Regenerative Medicine Policy Issued by FDA

The FDA created a framework to create safe and effective regenerative medicine products.

The FDA recently announced a novel policy for the development of regenerative medicine products. The policy adds to the existing risk-based regulatory approach to define what products are characterized as drugs, devices, and biologics, according to a press release.

“We’re at the beginning of a paradigm change in medicine with the promise of being able to facilitate regeneration of parts of the human body, where cells and tissues can be engineered to grow healthy, functional organs to replace diseased ones; new genes can be introduced into the body to combat disease; and adult stem cells can generate replacements for cells that are lost to injury or disease,” said FDA Commissioner Scott Gottlieb, MD. “This is no longer the stuff of science fiction. This is the practical promise of modern applications of regenerative medicine.”

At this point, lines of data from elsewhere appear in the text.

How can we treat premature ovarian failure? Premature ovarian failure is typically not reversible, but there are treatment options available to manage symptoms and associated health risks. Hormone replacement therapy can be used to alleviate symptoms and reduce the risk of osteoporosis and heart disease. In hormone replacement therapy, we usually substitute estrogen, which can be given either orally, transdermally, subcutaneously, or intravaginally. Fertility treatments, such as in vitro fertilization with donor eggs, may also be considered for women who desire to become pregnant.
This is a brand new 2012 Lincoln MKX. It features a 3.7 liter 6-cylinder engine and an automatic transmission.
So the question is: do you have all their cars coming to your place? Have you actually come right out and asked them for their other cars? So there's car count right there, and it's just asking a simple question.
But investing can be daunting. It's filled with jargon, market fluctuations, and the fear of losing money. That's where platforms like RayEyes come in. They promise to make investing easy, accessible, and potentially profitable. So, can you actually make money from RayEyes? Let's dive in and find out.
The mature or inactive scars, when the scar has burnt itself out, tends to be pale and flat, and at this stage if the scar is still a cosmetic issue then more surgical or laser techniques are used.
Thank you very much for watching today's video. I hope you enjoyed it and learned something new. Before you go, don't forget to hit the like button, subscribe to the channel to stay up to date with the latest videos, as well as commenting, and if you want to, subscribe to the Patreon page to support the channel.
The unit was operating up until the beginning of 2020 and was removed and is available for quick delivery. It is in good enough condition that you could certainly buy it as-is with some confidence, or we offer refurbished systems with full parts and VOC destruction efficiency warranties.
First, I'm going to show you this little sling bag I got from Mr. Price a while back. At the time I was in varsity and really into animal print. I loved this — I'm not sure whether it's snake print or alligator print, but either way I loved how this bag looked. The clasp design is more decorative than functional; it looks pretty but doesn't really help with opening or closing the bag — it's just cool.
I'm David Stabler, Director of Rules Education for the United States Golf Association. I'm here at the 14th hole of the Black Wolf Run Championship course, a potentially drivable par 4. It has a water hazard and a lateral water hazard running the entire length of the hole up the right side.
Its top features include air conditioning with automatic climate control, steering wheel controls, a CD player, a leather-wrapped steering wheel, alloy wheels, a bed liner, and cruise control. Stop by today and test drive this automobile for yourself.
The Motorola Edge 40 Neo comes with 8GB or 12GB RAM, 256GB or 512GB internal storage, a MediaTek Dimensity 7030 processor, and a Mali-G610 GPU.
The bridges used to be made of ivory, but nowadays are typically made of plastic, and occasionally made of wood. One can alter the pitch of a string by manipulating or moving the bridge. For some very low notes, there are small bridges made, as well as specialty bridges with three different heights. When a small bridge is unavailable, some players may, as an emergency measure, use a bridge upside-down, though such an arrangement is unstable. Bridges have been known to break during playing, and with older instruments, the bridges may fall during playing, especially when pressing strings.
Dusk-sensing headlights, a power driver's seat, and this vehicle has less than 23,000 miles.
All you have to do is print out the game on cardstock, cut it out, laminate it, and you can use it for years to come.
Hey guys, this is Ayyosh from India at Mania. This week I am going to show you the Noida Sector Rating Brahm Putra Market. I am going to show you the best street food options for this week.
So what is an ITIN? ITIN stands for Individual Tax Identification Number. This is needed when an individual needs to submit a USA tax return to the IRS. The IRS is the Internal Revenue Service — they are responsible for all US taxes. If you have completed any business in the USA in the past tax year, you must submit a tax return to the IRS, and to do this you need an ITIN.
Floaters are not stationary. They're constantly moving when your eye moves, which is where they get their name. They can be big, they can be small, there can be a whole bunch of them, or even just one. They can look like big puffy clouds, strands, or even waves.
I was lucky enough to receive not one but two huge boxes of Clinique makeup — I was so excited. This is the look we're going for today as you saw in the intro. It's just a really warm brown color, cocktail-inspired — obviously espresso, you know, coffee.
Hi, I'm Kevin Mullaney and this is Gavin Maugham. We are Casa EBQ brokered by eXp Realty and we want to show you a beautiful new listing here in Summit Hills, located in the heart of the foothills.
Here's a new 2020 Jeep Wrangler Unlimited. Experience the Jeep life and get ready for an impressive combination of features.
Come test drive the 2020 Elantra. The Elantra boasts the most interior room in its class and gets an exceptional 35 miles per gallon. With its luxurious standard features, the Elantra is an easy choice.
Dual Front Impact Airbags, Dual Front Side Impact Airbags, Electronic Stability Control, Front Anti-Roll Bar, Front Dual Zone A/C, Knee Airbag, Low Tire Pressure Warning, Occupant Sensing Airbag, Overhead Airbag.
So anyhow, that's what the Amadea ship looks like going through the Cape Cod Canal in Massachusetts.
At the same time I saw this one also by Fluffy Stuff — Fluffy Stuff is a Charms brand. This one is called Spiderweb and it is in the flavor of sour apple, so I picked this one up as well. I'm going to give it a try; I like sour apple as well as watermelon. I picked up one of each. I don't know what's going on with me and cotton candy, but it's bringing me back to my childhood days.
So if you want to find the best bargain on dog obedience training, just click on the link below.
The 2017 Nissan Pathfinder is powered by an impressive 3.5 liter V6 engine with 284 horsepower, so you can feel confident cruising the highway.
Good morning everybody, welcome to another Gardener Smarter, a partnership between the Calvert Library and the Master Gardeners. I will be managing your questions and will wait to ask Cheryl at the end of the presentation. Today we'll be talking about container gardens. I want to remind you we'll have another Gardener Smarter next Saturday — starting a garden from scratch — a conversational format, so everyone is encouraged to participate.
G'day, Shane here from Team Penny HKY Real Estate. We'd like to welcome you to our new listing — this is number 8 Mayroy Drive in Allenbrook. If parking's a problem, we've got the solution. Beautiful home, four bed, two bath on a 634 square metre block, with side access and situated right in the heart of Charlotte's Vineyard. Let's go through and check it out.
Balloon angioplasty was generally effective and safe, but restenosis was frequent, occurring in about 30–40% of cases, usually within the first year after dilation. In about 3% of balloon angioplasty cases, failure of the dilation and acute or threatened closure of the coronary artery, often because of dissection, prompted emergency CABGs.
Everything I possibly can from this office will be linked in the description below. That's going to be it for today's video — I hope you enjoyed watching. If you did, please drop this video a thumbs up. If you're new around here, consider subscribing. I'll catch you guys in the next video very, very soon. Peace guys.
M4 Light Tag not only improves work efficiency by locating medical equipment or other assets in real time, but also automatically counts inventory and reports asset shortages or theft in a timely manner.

The proposed framework is described in 4 guidance documents, 2 of which support an efficient, science-based process to ensure the safety and efficacy of regenerative medicine products, while also encouraging innovation, according to the FDA. The guidance documents also address how the agency plans to take action against products that have potential safety concerns.

The FDA said the policy aims to balance safety concerns with mechanisms that help bring novel products to market.

“With the policy framework the FDA is announcing today, we’re adopting a risk-based and science-based approach that builds upon existing regulations to support innovative product development while clarifying the FDA’s authorities and enforcement priorities,” Dr Gottlieb said. “This will protect patients from products that pose potentially significant risks, while accelerating access to safe and effective new therapies.”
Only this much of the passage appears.